- Promotion: International Wrestling Revolution Group
- Date: December 17, 2000
- City: Naucalpan, State of Mexico
- Venue: Arena Naucalpan

Event chronology
| ← Previous El Castillo del Terror | Next → IWRG 5th Anniversary Show |

Arena Naucalpan Anniversary Show chronology
| ← Previous 22nd Anniversary | Next → 24th Anniversary |

= Arena Naucalpan 23rd Anniversary Show =

2000 International Wrestling Revolution Group event

The Arena Naucalpan 23rd Anniversary Show was a major annual professional wrestling event produced and scripted by the Mexican professional wrestling promotion International Wrestling Revolution Group (IWRG), which took place on December 17, 2000 in Arena Naucalpan, Naucalpan, State of Mexico, Mexico. As the name implies the show celebrated the 23rd Anniversary of the construction of Arena Naucalpan, IWRG's main venue in 1977. The show is IWRG's longest-running show, predating IWRG being founded in 1996 and is the fourth oldest, still held annual show in professional wrestling.

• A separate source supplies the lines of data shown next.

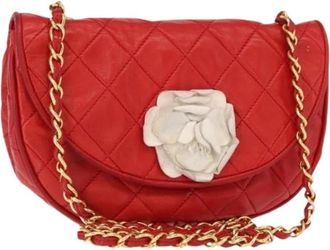 Chanel Pre-owned Vintage Cross Body Bag - Dames - Vintage Schoudertas - Rood - ONE Size - Leer - Vintage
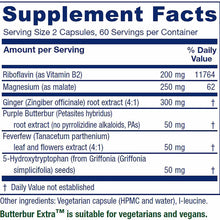 Butterbur Extra, 120 Veg Capsules, by Vitanica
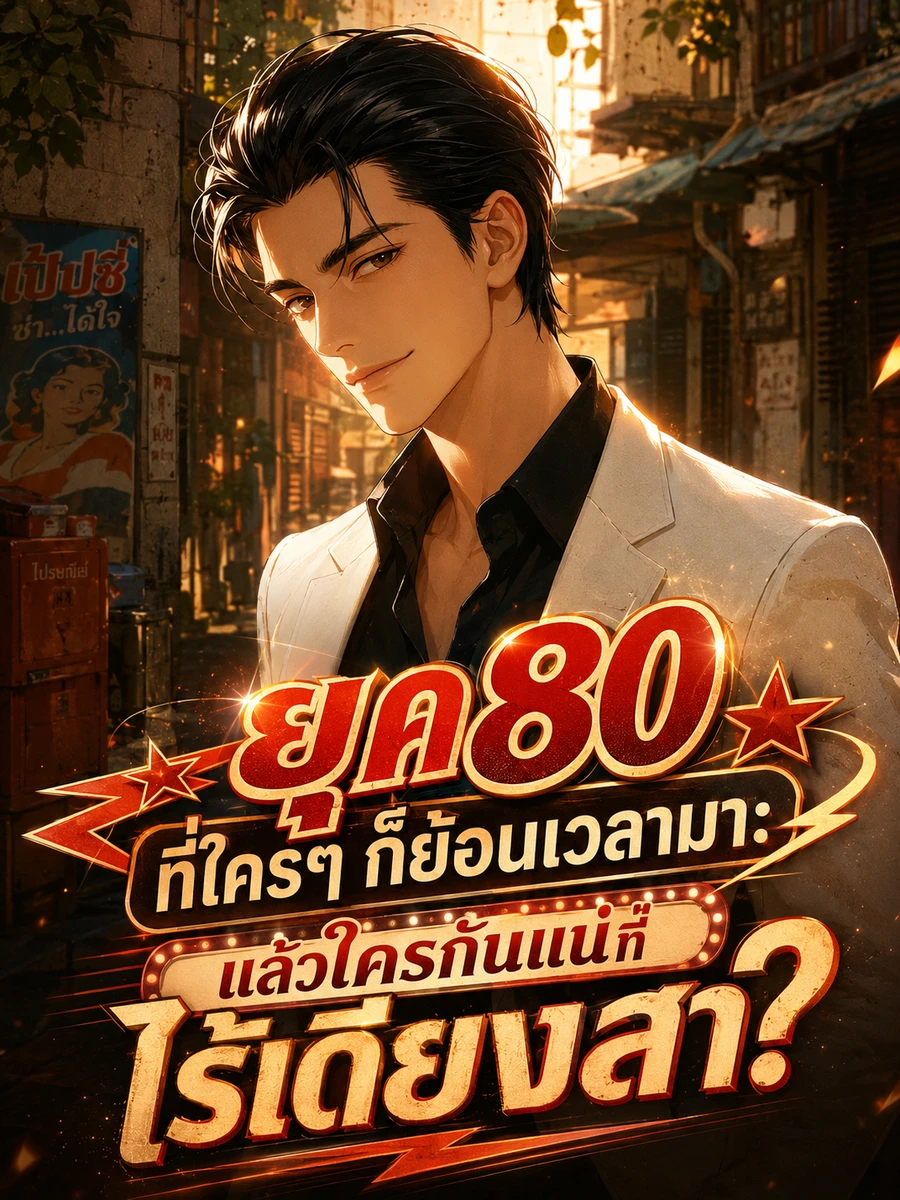 ปก ยุค 80 ที่ใครๆ ก็ย้อนเวลามา: แล้วใครกันแน่ที่ไร้เดียงสา?
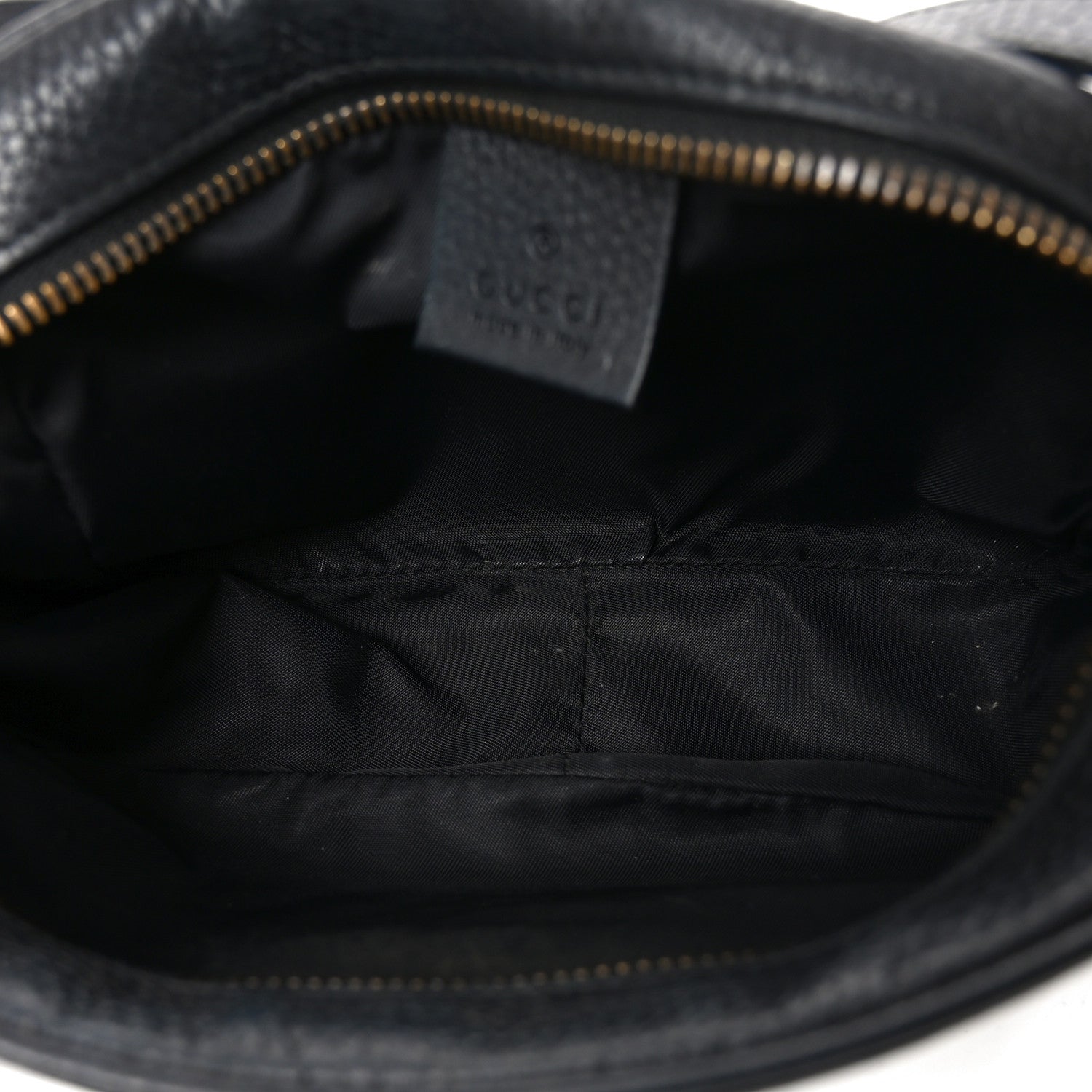 Pebbled Calfskin Mini Soho Disco Bag Black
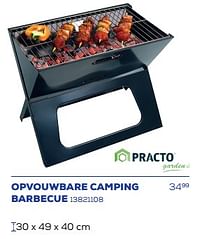 Opvouwbare camping barbecue-Practo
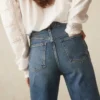 High Rise Column Leg Jeans Mid Vintage High Rise Column Leg Jeans Mid Vintage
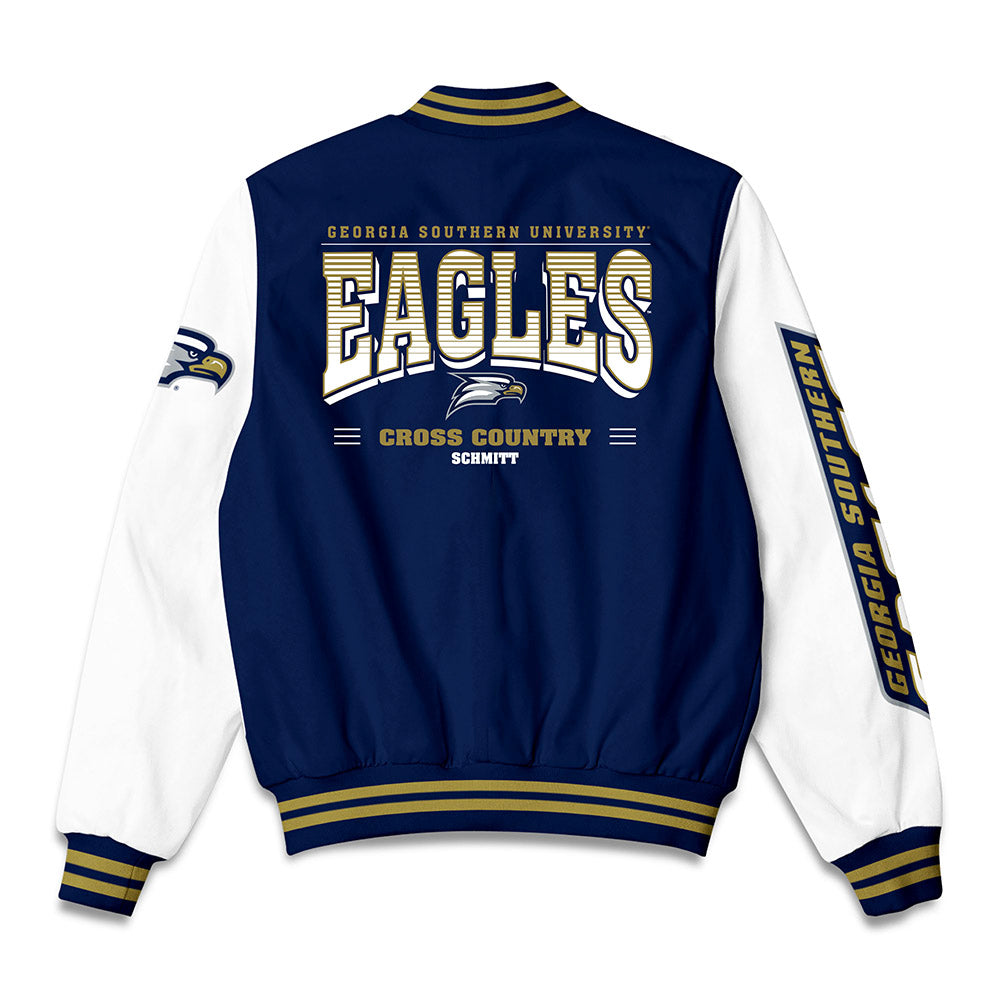 Georgia Southern - NCAA Women's Cross Country : Ava Schmitt - Bomber Jacket-1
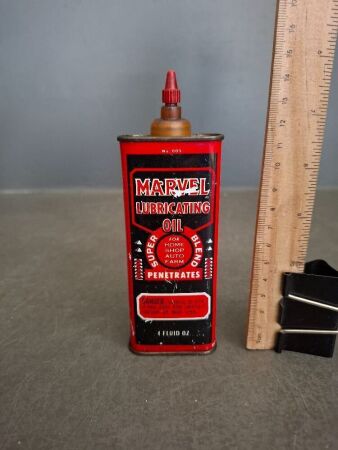 Marvel 4oz Advertising Oil Can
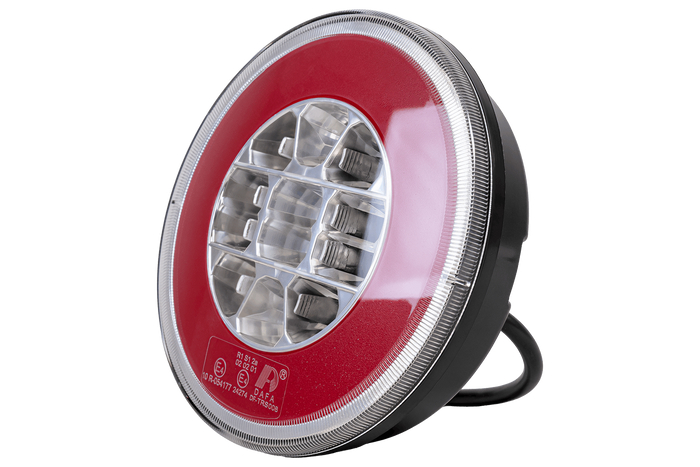 TT TECHNOLOGY TT.12008 Glo-Trac LED Luz trasera tipo hamburguesa con 3 funciones, universal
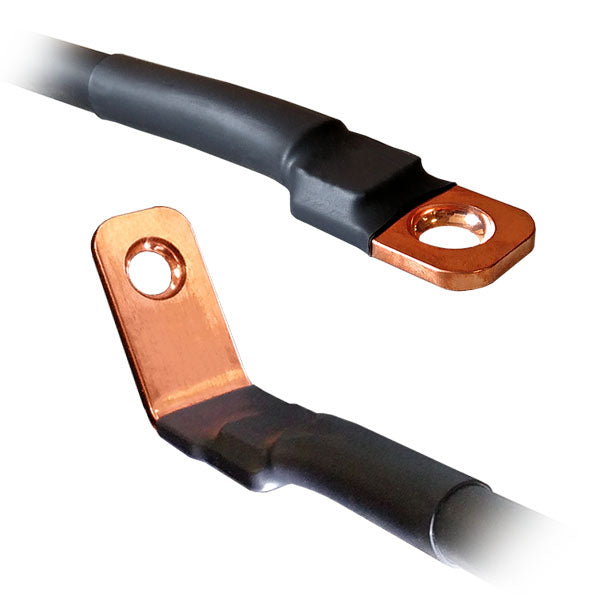 2/0 Cable with Straight & 65° Lugs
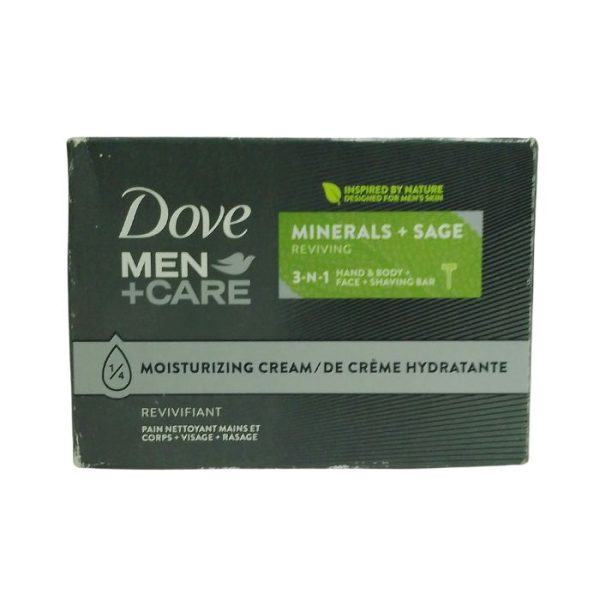 Dove Men +Care Minerals + Sage Reviving Hand, Body & Face Shaving Bar
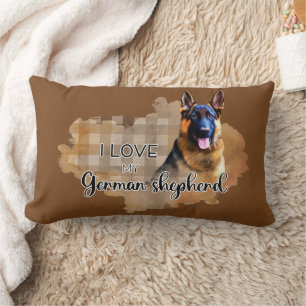 Mascota - almohada lumbar de 13" x 21"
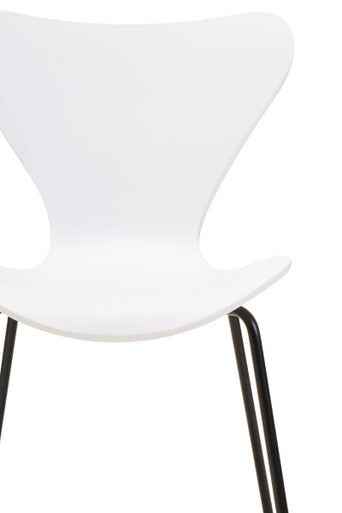 Laila Dining Chair With White Seat And Black Legs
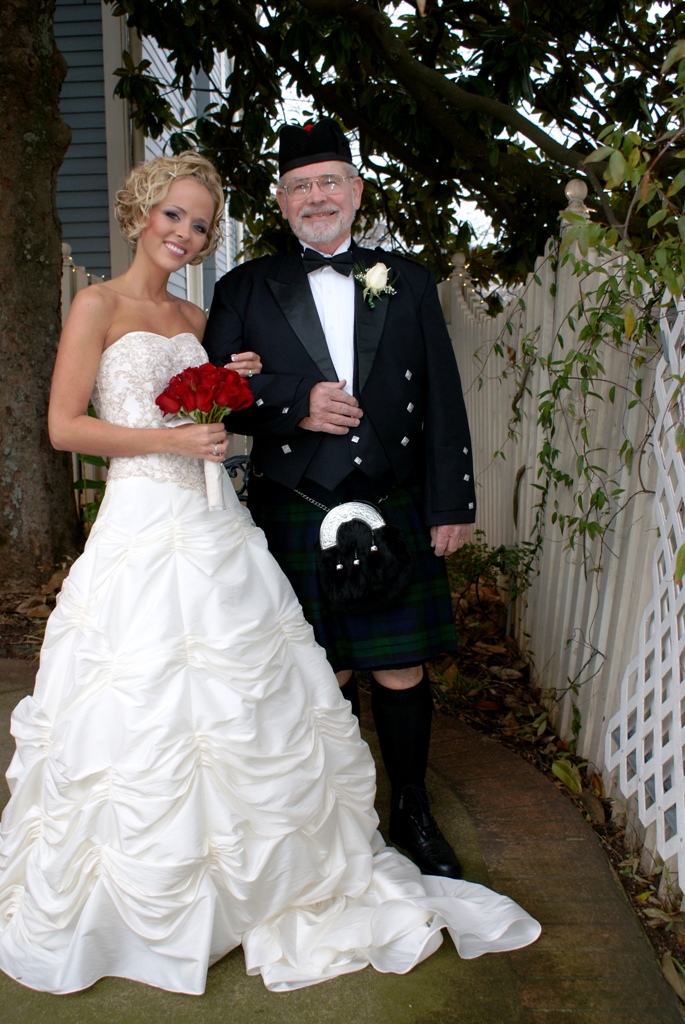 Picture of traditional tartan kilts for weddings celebrating celtic, Scottish, and Irish heritage!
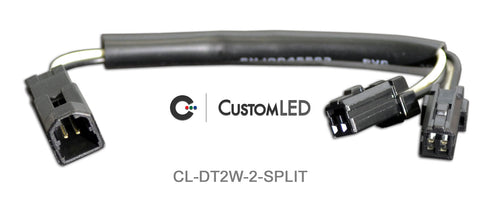 Ducati OEM Turn Signal Y-Splitter Connectors, 2-Wire (pair), Type 2
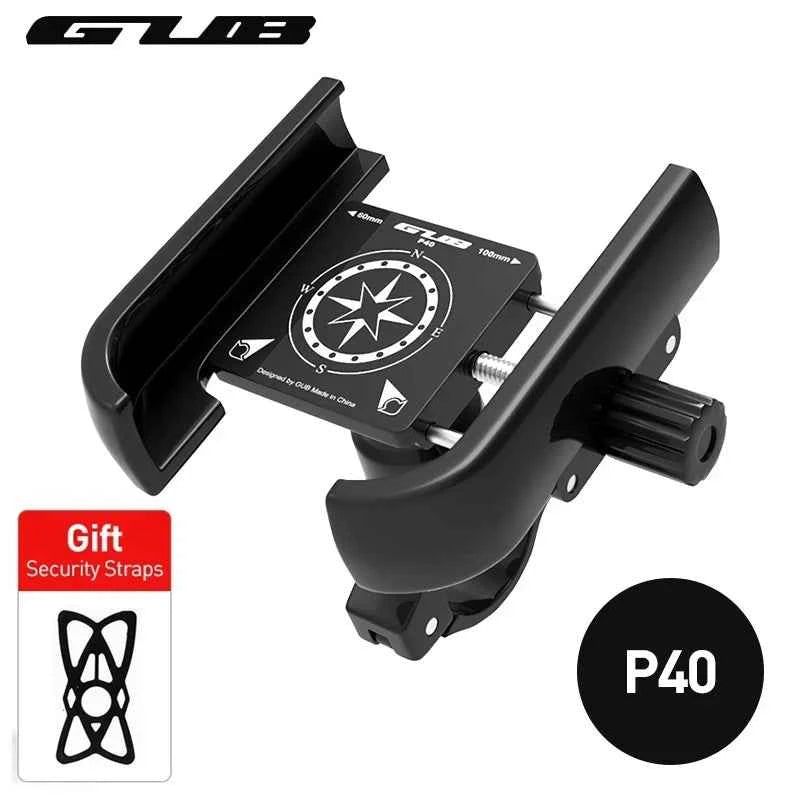 GUB P10 Bike Phone Holder Bracket Aluminum Alloy Motorcycle Bicycle Stand Mount Support Handlebar Clip for 55-100mm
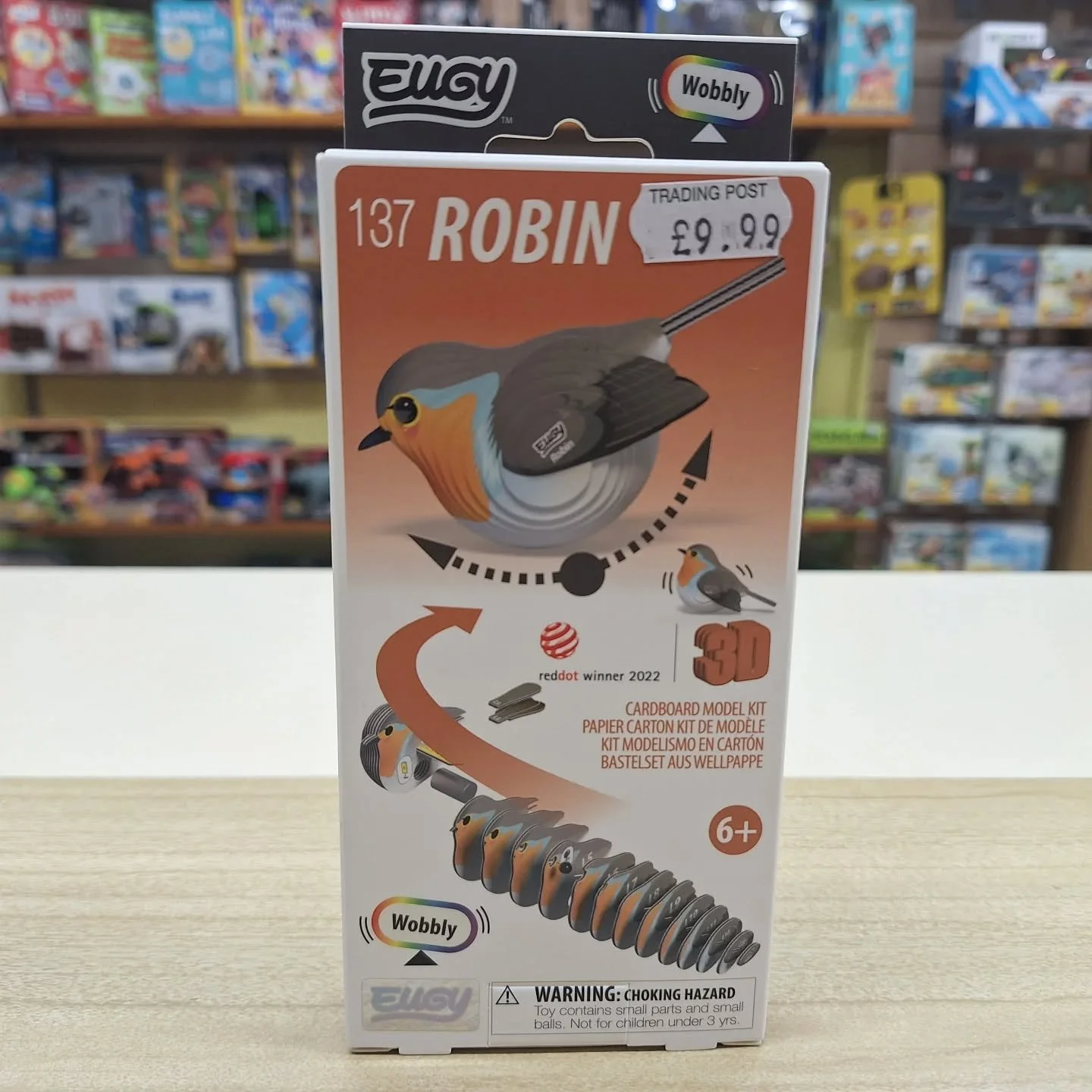 Look who has rocked up just in time for Christmas....🐦A EUGY ROBIN! 🐦

🐡Pop in and see which other new EUGY has arrived🐡

#eugy #eugys #robin #Christmasgiftideas #toyshop #kingsbridge #devon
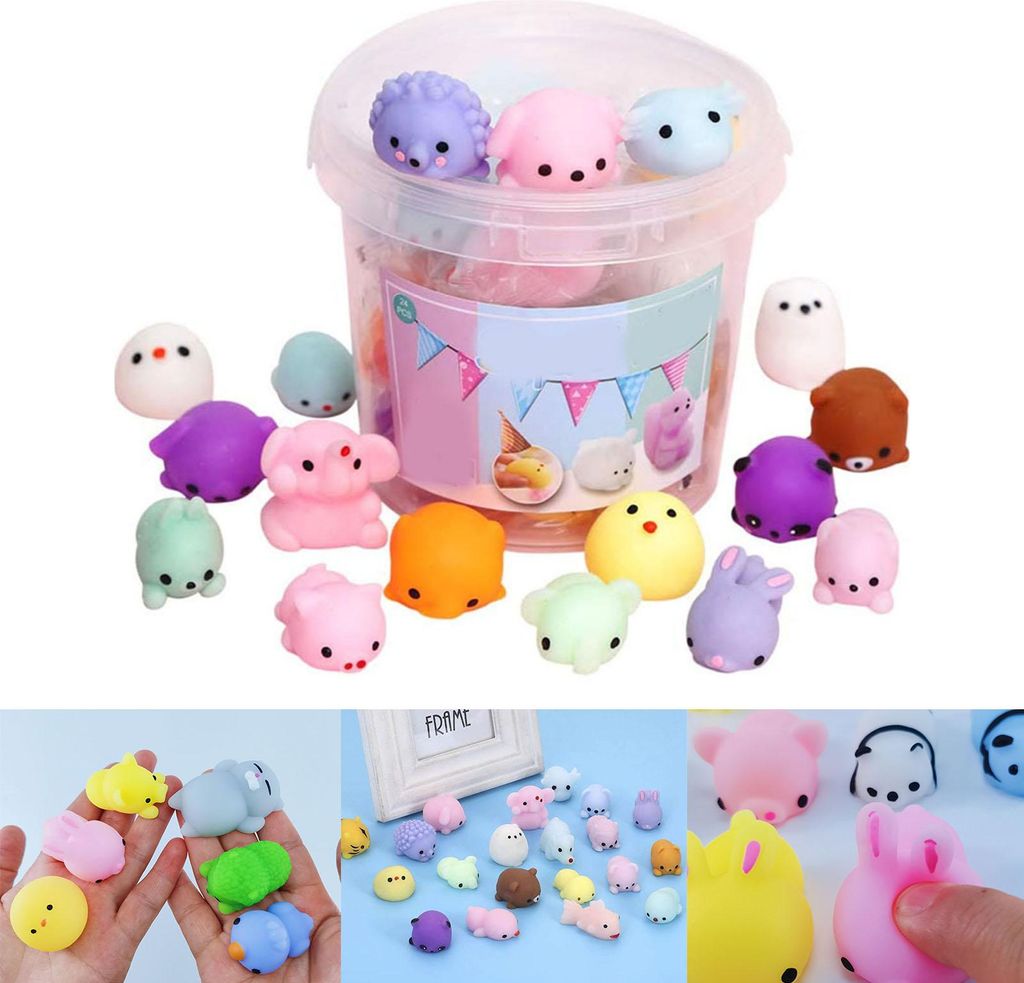 24 Stück tierisches Squishy-Spielzeug, weich, Produktbild 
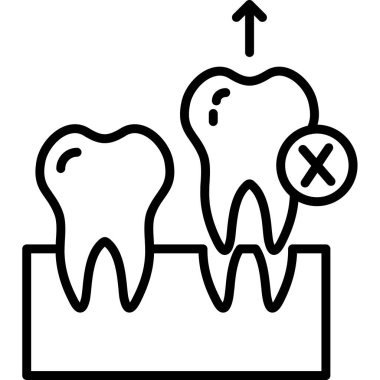 Diş simgesi, basit biçim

In the main event of the show Último Vampiro ("The Last Vampire") defeated Oficial in a Lucha de Apuestas, mask vs. mask match, forcing Oficial to unmask and state his birth name per lucha libre traditions. In the semi-main event match Los Megas (Mega and Super Mega) successfully defended the IWRG Intercontinental Tag Team Championship against the tag team of Fantasy and Star Boy

==Production==

===Background===
The location at Calle Jardín 19, Naucalpan Centro, 53000 Naucalpan de Juárez, México, Mexico was originally an indoor roller rink for the locals in the late part of the 1950s known as "Cafe Algusto". By the early-1960s, the building was sold and turned into "Arena KO Al Gusto" and became a local lucha libre or professional wrestling arena, with a ring permanently set up in the center of the building. Promoter Adolfo Moreno began holding shows on a regular basis from the late 1960s, working with various Mexican promotions such as Empresa Mexicana de Lucha Libre (EMLL) to bring lucha libre to Naucalpan. By the mid-1970s the existing building was so run down that it was no longer suitable for hosting any events. Moreno bought the old build and had it demolished, building Arena Naucalpan on the same location, becoming the permanent home of Promociones Moreno. Arena Naucalpan opened its doors for the first lucha libre show on December 17, 1977. From that point on the arena hosted regular weekly shows for Promociones Moreno and also hosted EMLL and later Universal Wrestling Association (UWA) on a regular basis. In the 1990s the UWA folded and Promociones Moreno worked primarily with EMLL, now rebranded as Consejo Mundial de Lucha Libre (CMLL).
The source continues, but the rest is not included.